<<<<

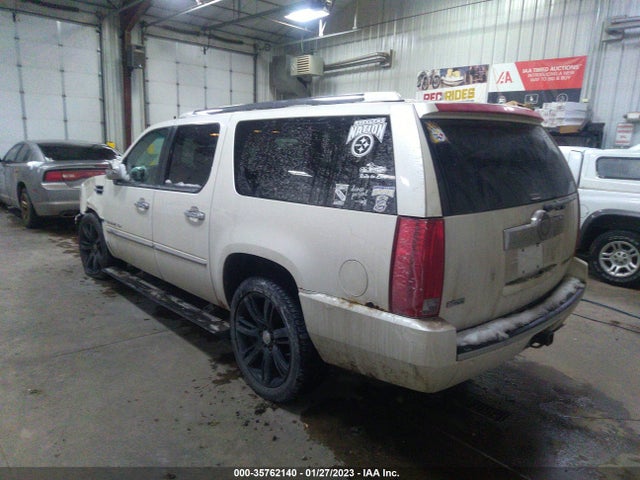 Cadillac Escalade Esv Premium 2010 1GYUKJEF0AR169506 Image 4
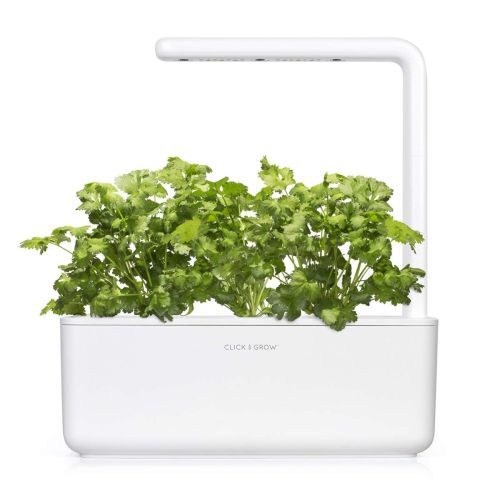 Click and Grow Smart Garden Refill 3-pack - Coriander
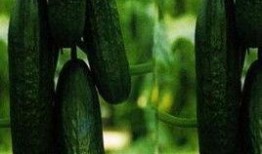 梦里吃瓜周公解梦,周公解梦中的“梦里吃瓜”寓意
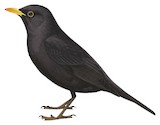 Chinese Blackbird Illustration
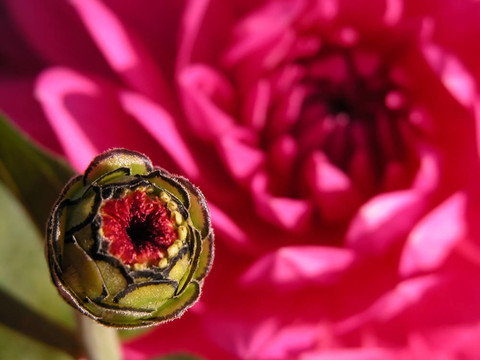 芽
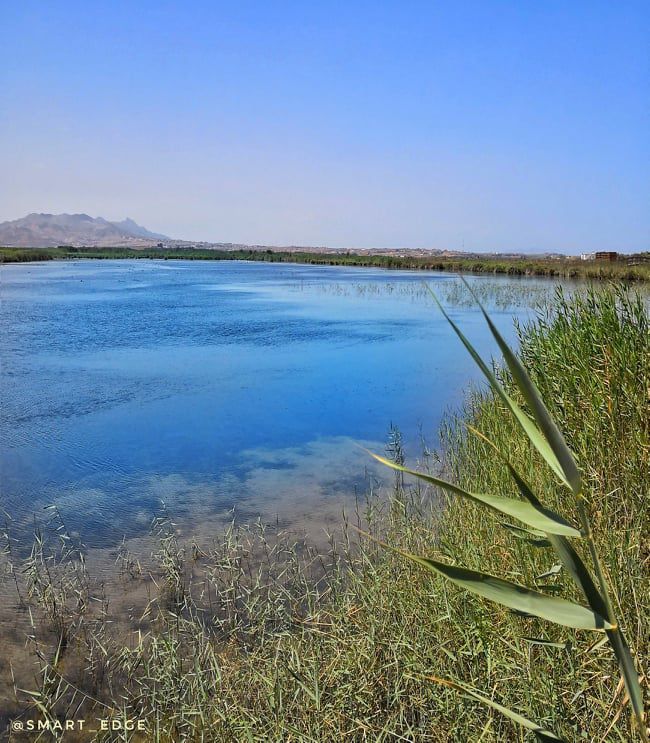 Odoo • Texte et Image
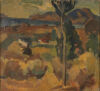 TOSS WOOLLASTON Mapua Landscape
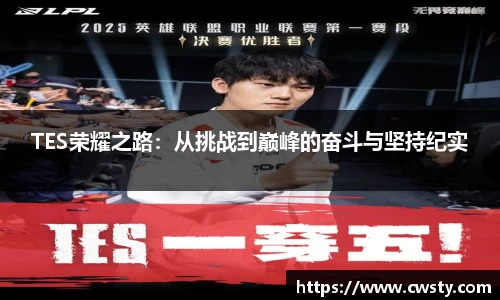 TES荣耀之路：从挑战到巅峰的奋斗与坚持纪实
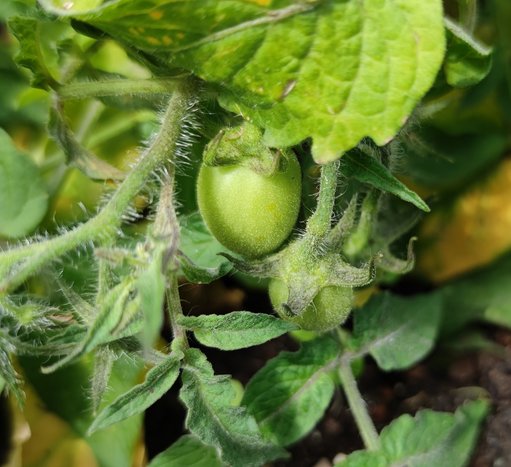 Tomate.jpg Tomate.jpg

>>>>

_Try it_: With the pictures set aside, repeat every entry above exactly.

_Answer section_:
 Cadillac Escalade Esv Premium 2010 1GYUKJEF0AR169506 Image 4
 Click and Grow Smart Garden Refill 3-pack - Coriander
 梦里吃瓜周公解梦,周公解梦中的“梦里吃瓜”寓意
 Chinese Blackbird Illustration
 芽
 Odoo • Texte et Image
 TOSS WOOLLASTON Mapua Landscape
 TES荣耀之路：从挑战到巅峰的奋斗与坚持纪实
 Tomate.jpg Tomate.jpg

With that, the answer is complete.